Over/under? That was a game we played during P.E. in high school – the one where you stand in line and pass the ball to the next person, one under, next over, etc.

One of my fondest (translated funniest) memories from that game was when I passed the ball to Susan McClamroch, who reached down between her legs to get the ball, stepped on her hair and came up with a handful of her ponytail. I figure the odds of that happening had to be greater than 80-1.

At 80-1, Rich Strike became the second-longest odds winner in the history of the Kentucky Derby, behind 1913 winner Donerail at 91-1 odds. I’m sure that means some people really raked in the dough. Out of curiosity, I looked up just how much money was actually wagered at the Triple Crown race this year.

Turns out, Rich Strike wasn’t the only one who made history. According to ESPN, a record $179 million was wagered at Churchill Downs this year. Turns out, also, that’s not even close to what was wagered at the Super Bowl ($1 billion) and even further removed from this year’s March Madness ($3.1 billion).

I don’t know how much will be wagered on this year’s College World Series – either in softball or baseball, but I’ve got a couple of bets for you.

The first one is a sure bet (I think that’s what they call a “lock”): take Oklahoma in the Women’s CWS. Now that the conference championships are under way, it won’t be long until we get to one of my new favorite times of the year – the WCWS. When OU goes to Oklahoma City to defend its title beginning on June 2, the Sooners will have the advantage of fielding one of the greatest players in college softball history.

Utility infielder (and NFCA Player of the Year last season) Jocelyn Alo, who became the all-time home run leader when she smashed her 96th career homer on March 11, will be trying to close out her Sooners’ career with another national championship. The Sooners, who return almost their entire team, also have returning NFCA Freshman of the Year Tiare Jennings, who was second in the NCAA in home runs and led the nation in doubles.

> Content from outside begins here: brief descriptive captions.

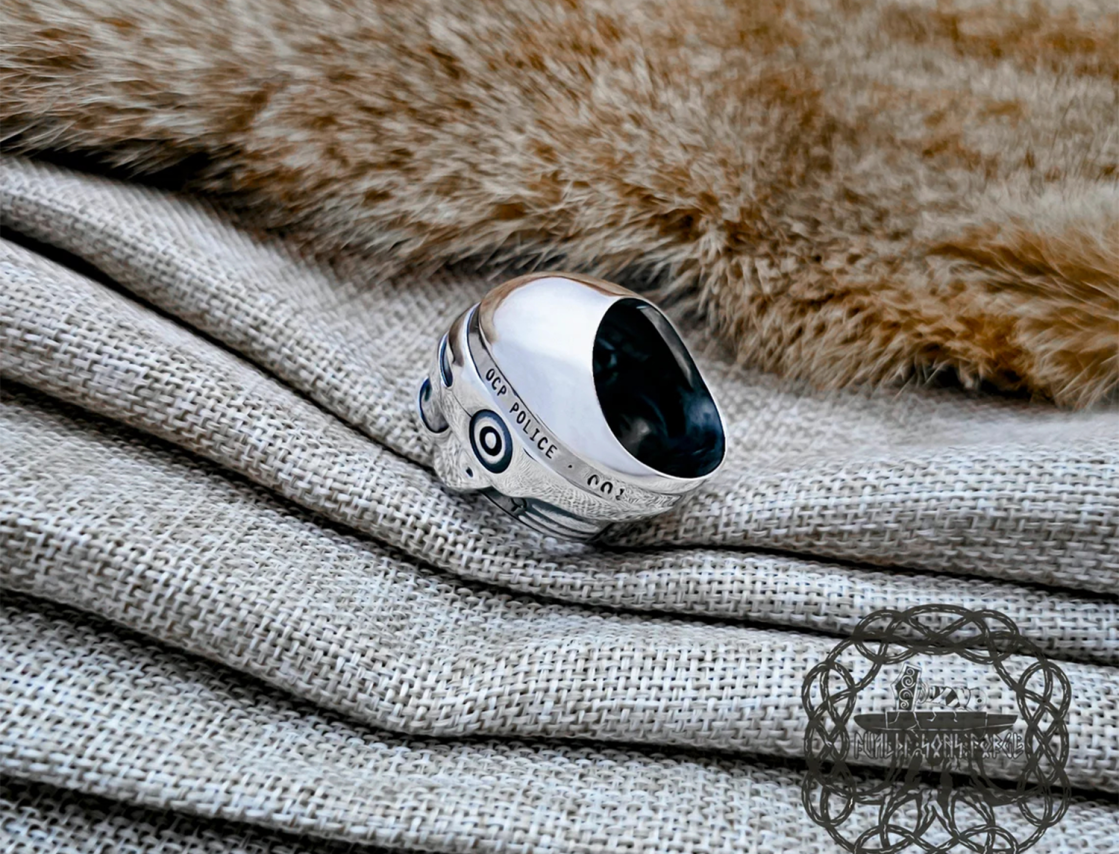 Robocop Sterling Silver Ring. Handmade Heroic Design.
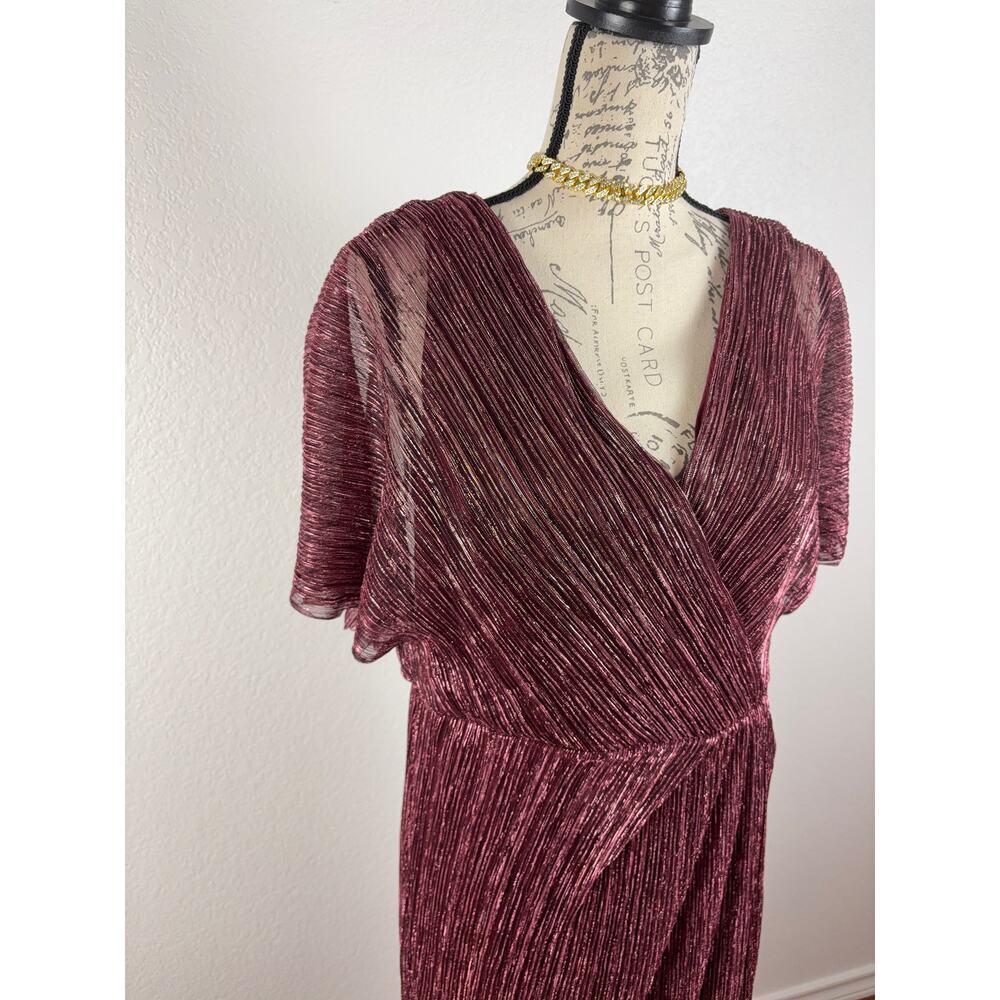 B27 Adrianna Papell Metallic Blouson Long Maxi Gown Womens 10 Burgundy Hoco - Picture 8 of 11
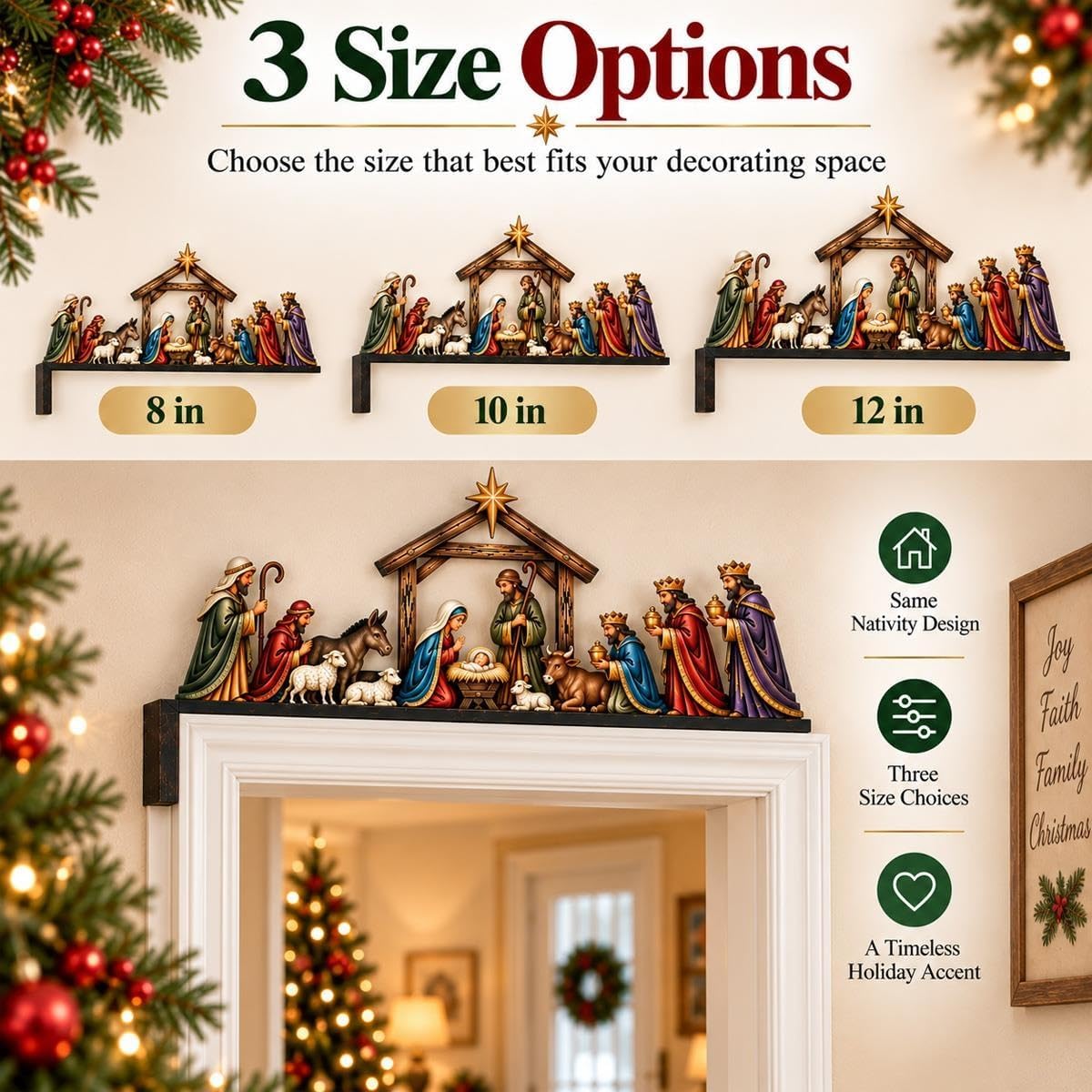 Nativity Scene Door Topper Christmas Front Door Frame Decor for Entryway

If I were a betting person, that’s where my money would go.

I’m not sure who will be favored to win it all when the CWS begins June 16 in Omaha, Neb., but Tennessee has got to be the front-runner. If you’re looking for a dark horse, however, I’ve got one for you.

When Coastal Carolina won the national championship in 2016, it was the first time that a team won the title in its first CWS appearance since Minnesota in 1956. It was also the first national title for the Big South Conference. The Chanticleers joined the Sun Belt Conference shortly thereafter. Florida was the favorite going into the tournament that year.

While the Division I conference tournaments haven’t even gotten under way, I’ll give you an early long shot for this year’s CWS – Eastern Kentucky. The Colonels are currently leading the West Division of the Atlantic Sun Conference. Like the 2016 Chanticleers, the Colonels would be making their first-ever appearance in the national tournament.

If EKU makes it to the A-Sun Tournament (May 24-28), ends up winning the title, and makes it through the June 3-6 regional AND the Super Regional (June 10-13), the next stop would be Omaha. With closer Will Brian leading the nation in saves and left-fielder Kendal Ewell at No. 8 in the nation in batting average, the Colonels are primed for a Cinderella run.

Could the Colonels be the next Chanticleers? You can bet on it.